### DIRECTIONS
Reproduce the tail of the data exactly. It starts at the line containing "Piccole armi, pistole, Queen" and runs to the last line.

### DATASET ENTRIES
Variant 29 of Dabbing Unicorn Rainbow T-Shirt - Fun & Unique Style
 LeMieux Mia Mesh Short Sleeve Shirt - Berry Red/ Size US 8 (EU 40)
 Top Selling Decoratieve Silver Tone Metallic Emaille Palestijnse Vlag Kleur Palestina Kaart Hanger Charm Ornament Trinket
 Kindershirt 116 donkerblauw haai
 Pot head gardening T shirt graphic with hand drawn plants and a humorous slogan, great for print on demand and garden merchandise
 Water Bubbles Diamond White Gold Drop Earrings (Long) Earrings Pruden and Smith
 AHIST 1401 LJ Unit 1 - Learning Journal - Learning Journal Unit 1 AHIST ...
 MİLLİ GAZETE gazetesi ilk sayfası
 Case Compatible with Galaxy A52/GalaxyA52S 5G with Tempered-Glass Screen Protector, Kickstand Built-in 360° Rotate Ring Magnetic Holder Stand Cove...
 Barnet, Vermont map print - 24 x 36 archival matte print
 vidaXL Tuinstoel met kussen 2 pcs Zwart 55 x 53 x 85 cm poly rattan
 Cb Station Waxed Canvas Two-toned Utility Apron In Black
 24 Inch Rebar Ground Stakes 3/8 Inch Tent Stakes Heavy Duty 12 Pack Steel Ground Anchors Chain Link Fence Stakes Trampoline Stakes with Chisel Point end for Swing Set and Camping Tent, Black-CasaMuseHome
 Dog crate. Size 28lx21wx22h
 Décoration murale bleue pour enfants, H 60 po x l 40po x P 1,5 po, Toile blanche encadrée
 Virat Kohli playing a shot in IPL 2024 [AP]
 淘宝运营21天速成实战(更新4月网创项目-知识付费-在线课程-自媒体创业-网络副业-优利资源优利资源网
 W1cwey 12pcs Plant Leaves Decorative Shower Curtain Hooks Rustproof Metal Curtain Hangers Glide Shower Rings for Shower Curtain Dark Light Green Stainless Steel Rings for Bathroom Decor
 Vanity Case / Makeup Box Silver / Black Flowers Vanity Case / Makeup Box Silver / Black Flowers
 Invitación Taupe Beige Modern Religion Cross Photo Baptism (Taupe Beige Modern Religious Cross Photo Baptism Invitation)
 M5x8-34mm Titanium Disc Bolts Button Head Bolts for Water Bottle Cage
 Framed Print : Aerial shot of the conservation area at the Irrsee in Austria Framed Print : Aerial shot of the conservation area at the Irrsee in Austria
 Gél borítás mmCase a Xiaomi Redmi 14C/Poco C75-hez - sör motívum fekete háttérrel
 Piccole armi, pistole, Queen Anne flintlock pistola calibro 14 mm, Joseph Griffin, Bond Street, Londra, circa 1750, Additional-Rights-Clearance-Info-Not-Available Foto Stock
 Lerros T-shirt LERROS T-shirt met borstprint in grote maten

### OUTPUT BELOW
 Piccole armi, pistole, Queen Anne flintlock pistola calibro 14 mm, Joseph Griffin, Bond Street, Londra, circa 1750, Additional-Rights-Clearance-Info-Not-Available Foto Stock
 Lerros T-shirt LERROS T-shirt met borstprint in grote maten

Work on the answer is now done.